Dans cette première phase de son emploi, la friture n'opère donc qu'une sorte de travail préparatoire.
Le second terme calorifique - chaude - s'applique aux objets qui ont déjà subi un commencement de cuisson par évaporation ou pénétration ;
- soit pour en compléter la cuisson,
- soit pour les envelopper d'une couche rissolée.
Il est applicable également aux objets sur lesquels la friture doit agir immédiatement par concentration ; c'est-à-dire former autour de l'objet en traitement une enveloppe rissolée, susceptible de s'opposer à l'échappement des substances de l'intérieur.
Sont traités a ce degré :
- Tous objets panés à l'anglaise ou trempés dans la pâte à frire, comme :
- Croquettes diverses,
- Cromesquis,
- Eléments traités à la Villeroy,
- Fritots et
- Beignets de toutes sortes.
Dans ce cas, la friture agit par le saisissement qui, dans certains cas, est d'une urgence absolue.
- S'il s'agit d'objets panés à l'anglaise, le brusque contact de la graisse chaude transforme aussitôt en croûte l'enveloppe d'oeuf et de mie de pain ; et cette croûte, dont la résistance augmente au fur et à mesure de la cuisson, s'oppose à la sortie des substances et de la sauce liquéfiée renfermées à l'intérieur.

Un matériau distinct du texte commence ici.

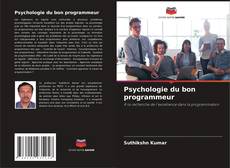 Buchcover von Psychologie du bon programmeur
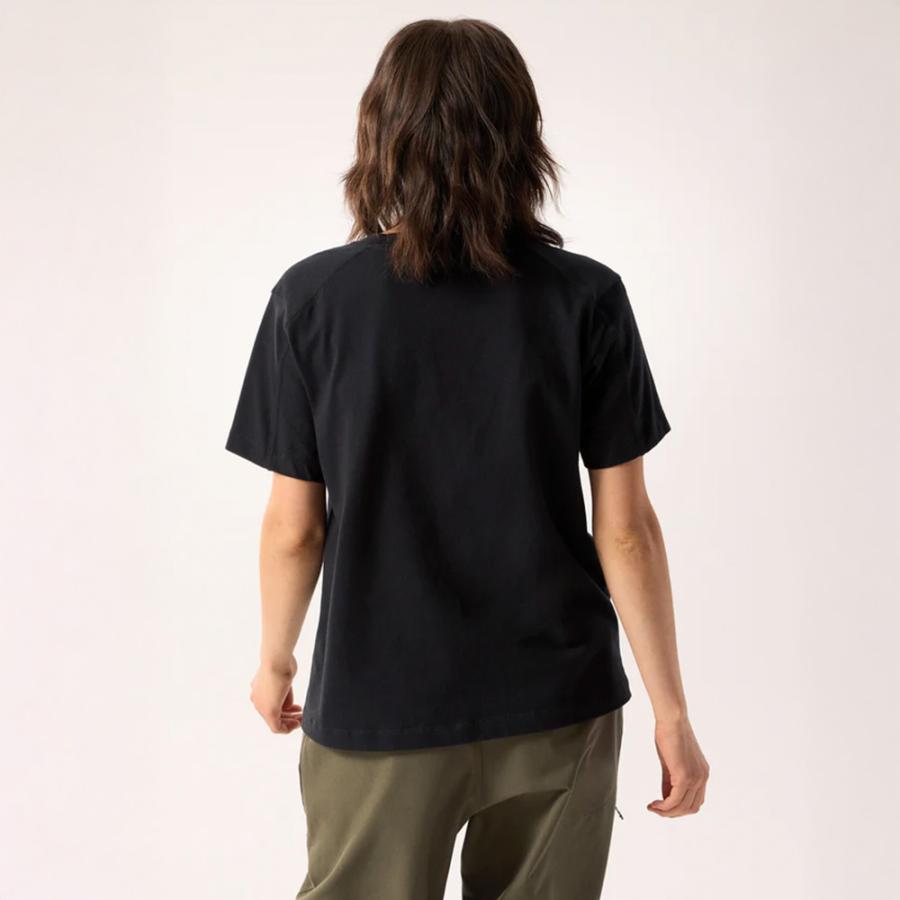 ARC'TERYX（アークテリクス） Tシャツ カットソー レディース クラッグ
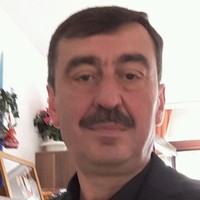 Bayrak Technik GmbH Employee Ali Atar's profile photo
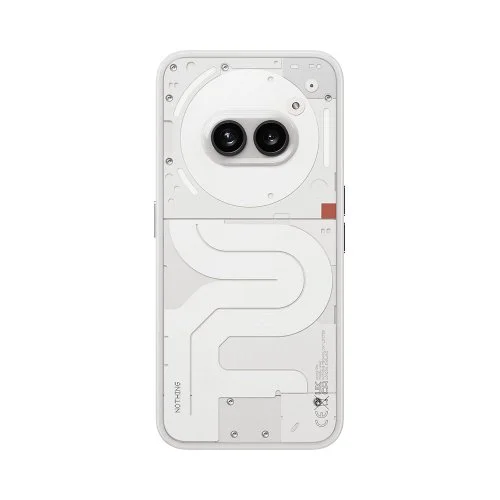 Купить Смартфон Nothing Phone (2a) 12/256Gb White (Белый) EU Смартфон Nothing Phone (2a) 12/256Gb White (Белый) EU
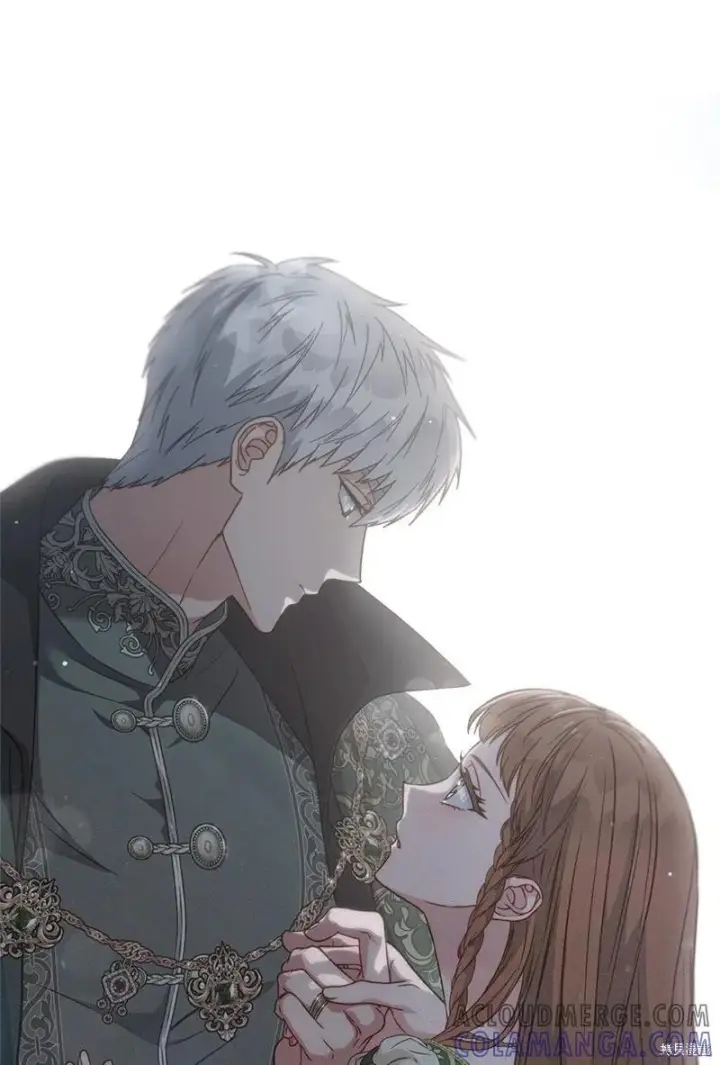 漫画《错把结婚当交易，却意外的甜蜜？》第137话第13张图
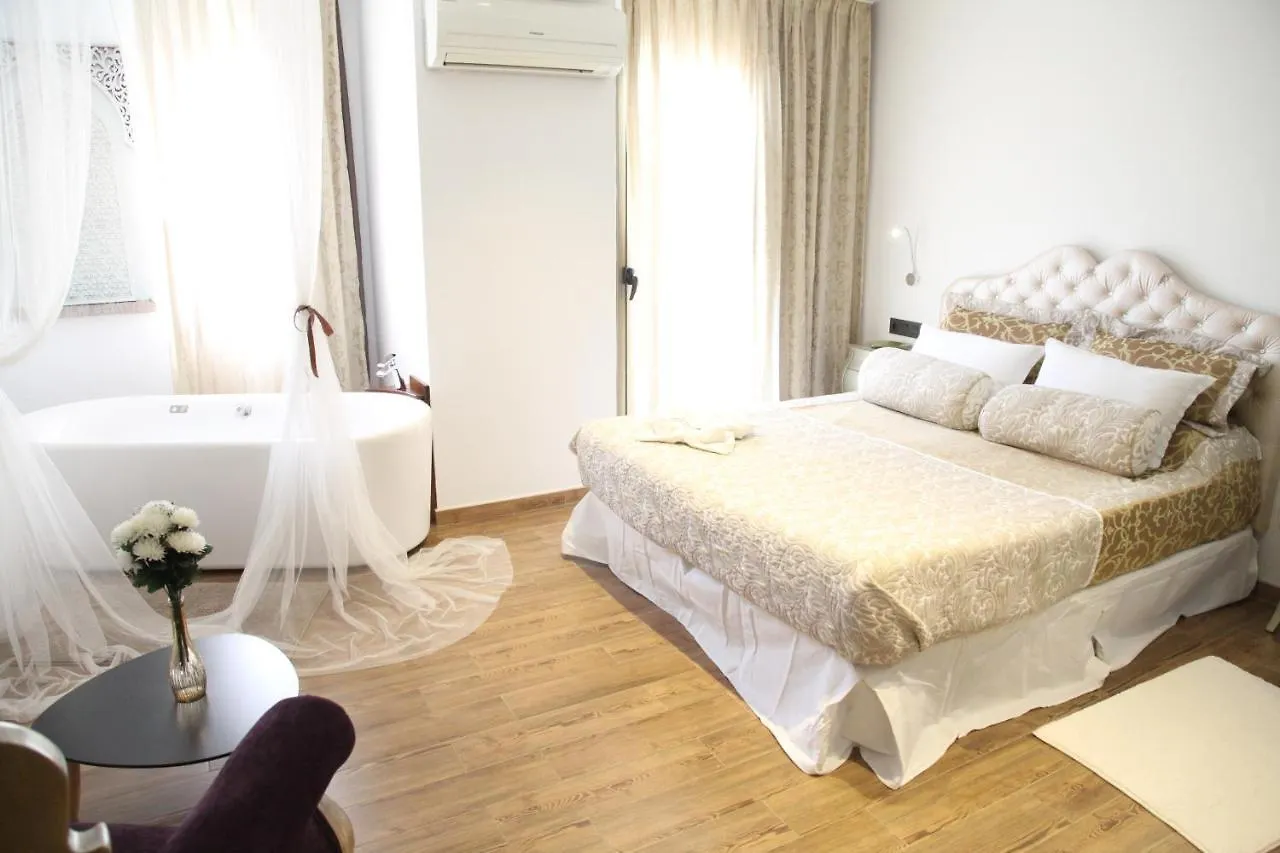 The Element Hotel Cambrils 4*,  Spanyolország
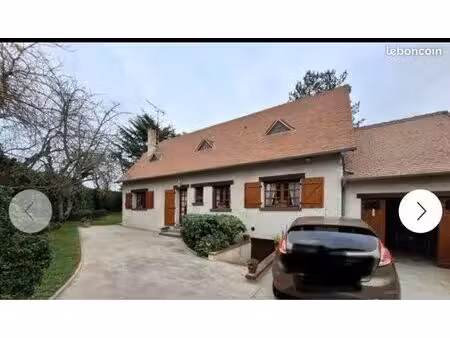 maison 125m2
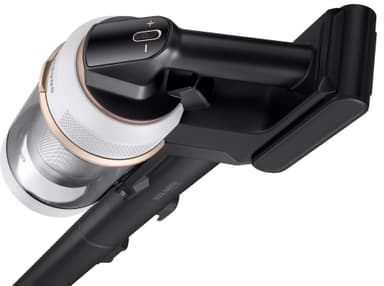 Samsung Bespoke Jet Complete Sladdlös Skaftdammsugare VS20A95843W
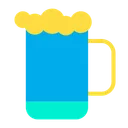 Free Beer  Icon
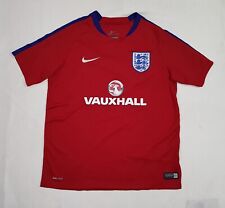 NIKE ENGLAND FOOTBALL TEAM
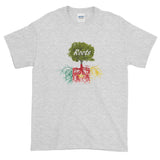 Short-Sleeve T-Shirt Cameroon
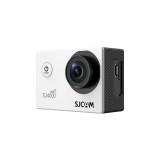 SJCAM SJ4000 Wi-Fi Sportkamera White Waterproof Case SJ4000 WIFIW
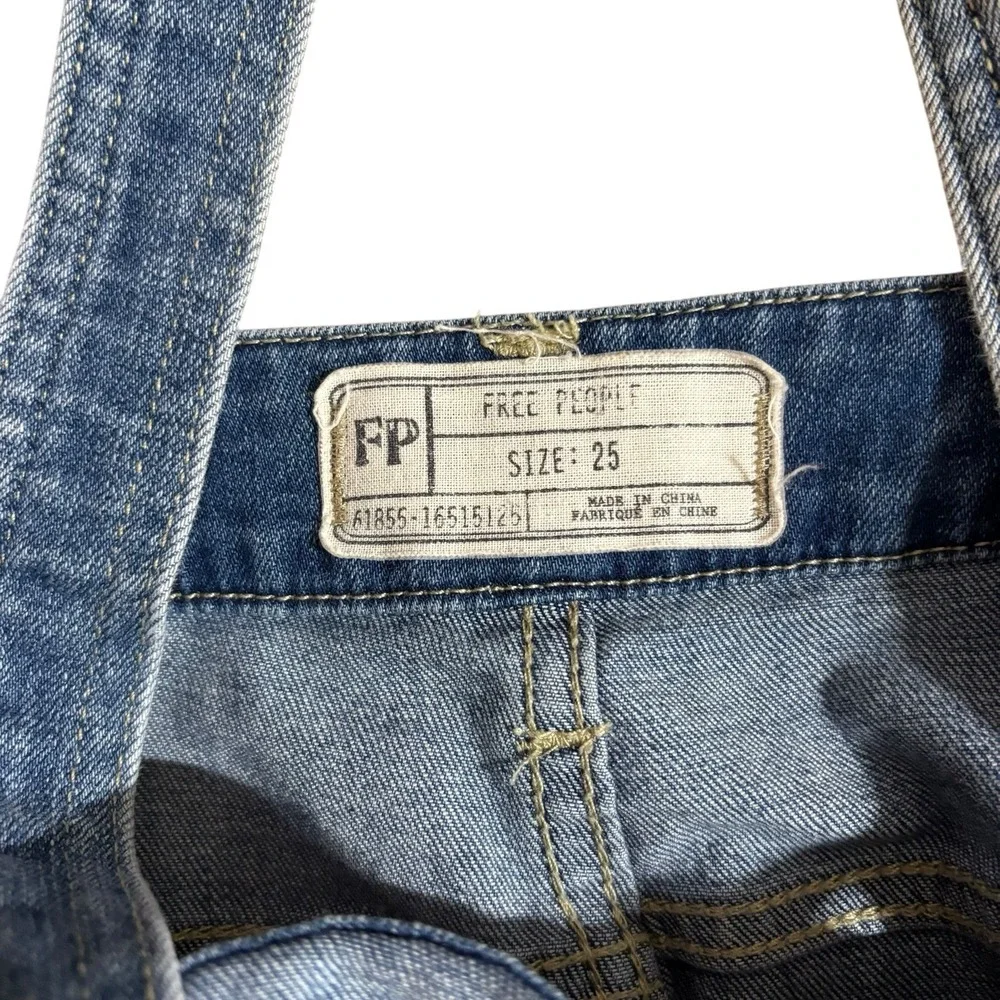 Free People these are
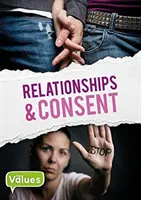 Vztahy a souhlas - Relationships & Consent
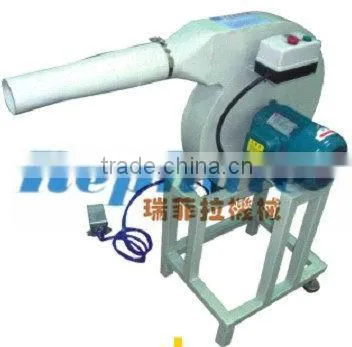 High Quality Fiber Garnetting Machine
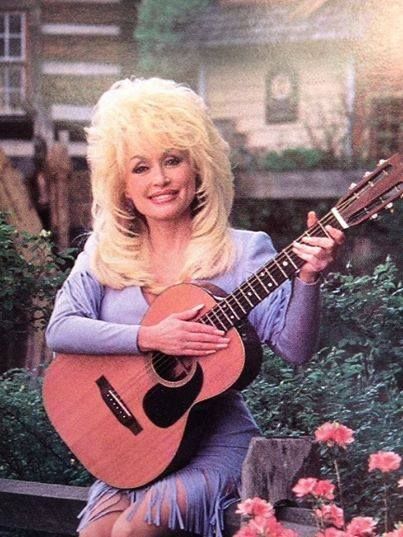 From the Smoky Mountains to superstardom: Discover how Dolly Parton’s birth chart offers a glimpse into her extraordinary life journey and iconic career!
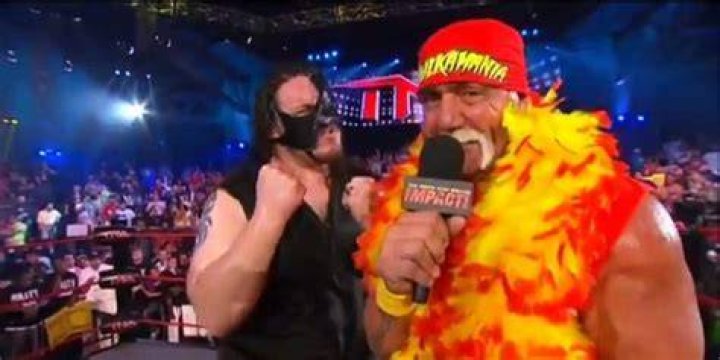 Hogan Abyss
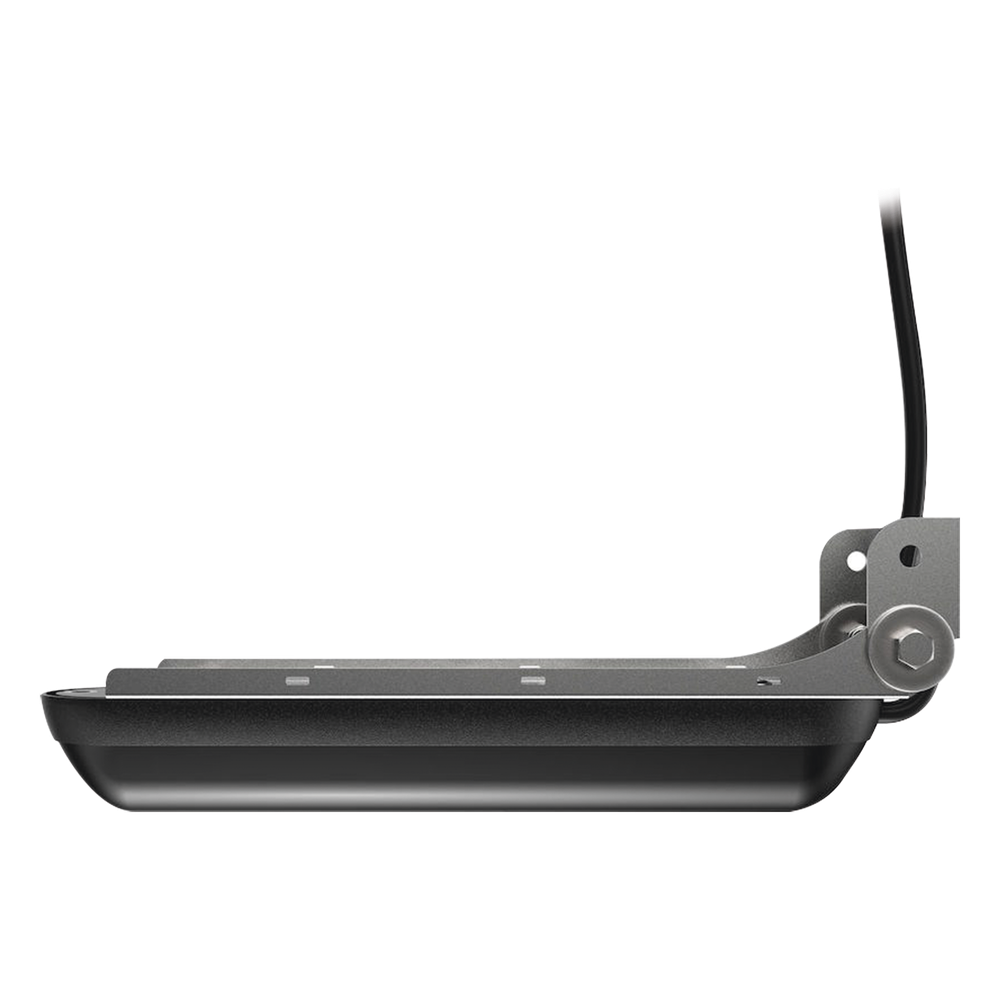 Transductor de Imagen Activa 3 en 1 / CHIRP, SideScan y DownScan / FishReveal™ Smart Target View / Compatible con series GO, HDS LIVE, HDS Carbon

Si ces objets étaient plongés dans la friture pas assez chaude, non seulement l'enveloppe d'oeuf et de mie de pain se chargerait de graisse, mais elle risquerait de se désagréger et de laisser échapper dans la friture les substances qu'elle a pour rôle de contenir.
- Les mêmes faits se produisent lorsqu'il s'agit d'objets trempés dans la pâte à frire :
- d'où l'urgence absolue d'en assurer le saisissement, c'està-dire la solidification immédiate de l'enveloppe de pâte.
Comme les substances qui composent ces différents objets sont cuites à l'avance, il s'ensuit que leur réchauffement et la coloration de leur enveloppe se font en même temps et en quelques minutes.
Le troisième terme calorifique - très chaude - s'applique
- à tout objet pour lequel est nécessaire un saisissement violent ;
- à tous objets de petit volume pour lesquels le saisissement est chose capitale et dont la cuisson se fait en quelques secondes ; comme les fritures de petits poissons.
Comme suite logique à la série de la Cuisson des Poissons, nous l'avons indiqué leur traitement par la friture et le genre de celle-ci. Nous renvoyons donc, pour ce sujet, au chapitre du Poisson, série des Cuissons.
Elle doit être proportionnée à la quantité, ou au volume des objets qui sont plongés dedans, et qui doivent toujours s'y trouver complètement immergés.
Sans pousser à l'exagération, la quantité de friture doit être plutôt élevée par la raison que :
- plus grande est la quantité de graisse,
- plus est élevée la somme de calorique qui s'y accumule,
- et moins est à craindre le refroidissement subit provoqué par l'immersion des objets à frire.
Ce refroidissement ne peut être évité que si on dispose d'un foyer très puissant, susceptible de rétablir promptement l'équilibre calorifique ; c'est-àdire capable de rendre en quelques secondes, à la friture, le degré de chaleur qu'elle avait avant l'immersion des objets.
Il est également important de limiter la quantité des objets, et il est préférable d'opérer en plusieurs fois plutôt que de surcharger la friture.
Toutes les fois qu'une friture est mise en travail, elle doit, après simple fusion, être passée à travers un torchon, parce que la plupart des objets qui ont cuit dedans précédemment, y ont laissé des résidus qui seraient préjudiciables à ceux qui doivent y être traités ensuite.
En effet, les objets panés y laissent toujours quelques grains de chapelure qui, à la longue, s'y transformeraient en poudre noire ; de même que les objets farinés y laissent quelques parcelles de farine qui, en s'accumulant au fond de l'ustensile, y formeraient un résidu bourbeux.
Or, non seulement ces résidus troubleraient et pourraient même faire brûler la friture ; mais encore, l'odeur qu'ils dégagent serait très nuisible aux objets frits par la suite.
C'est pourquoi les fritures doivent être passées toutes les fois qu'elles ont servi. Le traitement des objets plongés dedans l'exige et, de ce soin élémentaire, dépend leur service plus ou moins long.